Bundestag untersucht NSA-Schnüffelpraxis
Nach langem Streit soll die Abhör-Affäre aufgeklärt werden. Ein Mammut-Projekt.
Berlin. Vor einem Dreivierteljahr erklärte der damalige Kanzleramtsminister Ronald Pofalla (CDU), die NSA-Spähaffäre sei „vom Tisch“. Und der damalige Innenminister Hans-Peter Friedrich (CSU) konnte nach einer Aufklärungsreise in die USA kein Problem mehr erkennen. Von wegen. Alle Fraktionen im Bundestag haben sich auf einen gemeinsamen Untersuchungsausschuss geeinigt.
Er wird ein Mammut-Projekt. Mindestens drei Jahre Arbeit stehen den Parlamentariern bevor — und spannende Zeugen. Der wichtigste: Edward Snowden.
Zu dem Sinneswandel bei der Union hat sicher das erst im Herbst bekannt gewordene Abhören des Kanzlerin-Telefons beigetragen. Und auch die Weigerung der USA, mit einem Abkommen zum Verzicht auf gegenseitige Spionage (No-Spy-Abkommen) für Entspannung zu sorgen. Nächste Woche soll der Untersuchungsausschuss gebildet werden, der Vollmachten wie ein Gericht hat.

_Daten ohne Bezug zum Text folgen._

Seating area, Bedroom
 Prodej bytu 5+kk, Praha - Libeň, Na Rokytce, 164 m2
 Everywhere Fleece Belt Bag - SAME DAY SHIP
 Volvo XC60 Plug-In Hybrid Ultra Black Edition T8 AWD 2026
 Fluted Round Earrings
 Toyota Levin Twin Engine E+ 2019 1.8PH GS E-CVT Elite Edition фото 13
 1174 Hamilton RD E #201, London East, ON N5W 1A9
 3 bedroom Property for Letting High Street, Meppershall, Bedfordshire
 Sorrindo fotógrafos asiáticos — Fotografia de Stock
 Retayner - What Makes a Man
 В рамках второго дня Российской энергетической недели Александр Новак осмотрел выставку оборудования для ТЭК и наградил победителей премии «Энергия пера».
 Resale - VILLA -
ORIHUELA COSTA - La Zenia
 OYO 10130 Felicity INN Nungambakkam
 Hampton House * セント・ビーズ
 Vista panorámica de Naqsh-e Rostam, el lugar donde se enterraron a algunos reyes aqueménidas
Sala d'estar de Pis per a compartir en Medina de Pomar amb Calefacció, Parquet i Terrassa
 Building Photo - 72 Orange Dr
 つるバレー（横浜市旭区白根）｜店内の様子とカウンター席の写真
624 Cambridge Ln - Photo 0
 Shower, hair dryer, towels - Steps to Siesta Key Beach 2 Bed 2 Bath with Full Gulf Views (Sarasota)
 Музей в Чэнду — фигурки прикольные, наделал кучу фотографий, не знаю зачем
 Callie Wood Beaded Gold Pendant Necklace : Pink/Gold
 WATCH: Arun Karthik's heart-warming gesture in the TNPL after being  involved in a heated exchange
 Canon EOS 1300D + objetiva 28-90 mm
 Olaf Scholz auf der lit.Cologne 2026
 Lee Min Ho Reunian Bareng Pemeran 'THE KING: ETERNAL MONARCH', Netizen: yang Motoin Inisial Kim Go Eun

Weil die Opposition zwei der acht Mitglieder stellen soll, kann sie eigenständig Beweisanträge durchsetzen. Einer wird lauten, Merkel, Pofalla und Friedrich anzuhören, denn noch immer wollen Linke und Grüne den Regierungsparteien CDU und CSU nachweisen, dass sie die Affäre 2013 wegen des Wahlkampfes absichtlich verharmlost haben.
Am spannendsten aber wird die vom Grünen-Abgeordneten Christian Ströbele Freitag bereits angekündigte Vorladung von Edward Snowden werden. Der 30-jährige abtrünnige NSA-Mitarbeiter soll einer der ersten Zeugen sein. Die Vorladung ergibt Sinn, denn die amerikanischen und britischen Geheimdienste werden den Aufforderungen aus Berlin kaum Folge leisten, hier über ihre Schnüffelpraxis auszupacken.
Also muss der große Enthüller der Affäre selbst ran. Snowden genießt derzeit in Moskau Asyl, das aber im Sommer ausläuft. Er würde gern dauerhaft nach Deutschland kommen. Allerdings würden die USA dann sofort seine Auslieferung verlangen. Ohne Zusage für einen dauerhaften Schutz aber, so machte Ströbele Freitag deutlich, kommt der junge „Whistleblower“ nicht.
Und dass er sich stattdessen in Moskau vernehmen lässt, hat Snowden bereits ausgeschlossen. Voraussichtlich werden Grüne und Linke versuchen, Snowden deshalb so etwas wie den Status eines Kronzeugen zu geben und verlangen, dass ihm außerhalb eines regulären Asylverfahrens aus übergeordneten politischen Gründen in Deutschland ein sogenannter „sicherer Aufenthalt“ gewährt wird.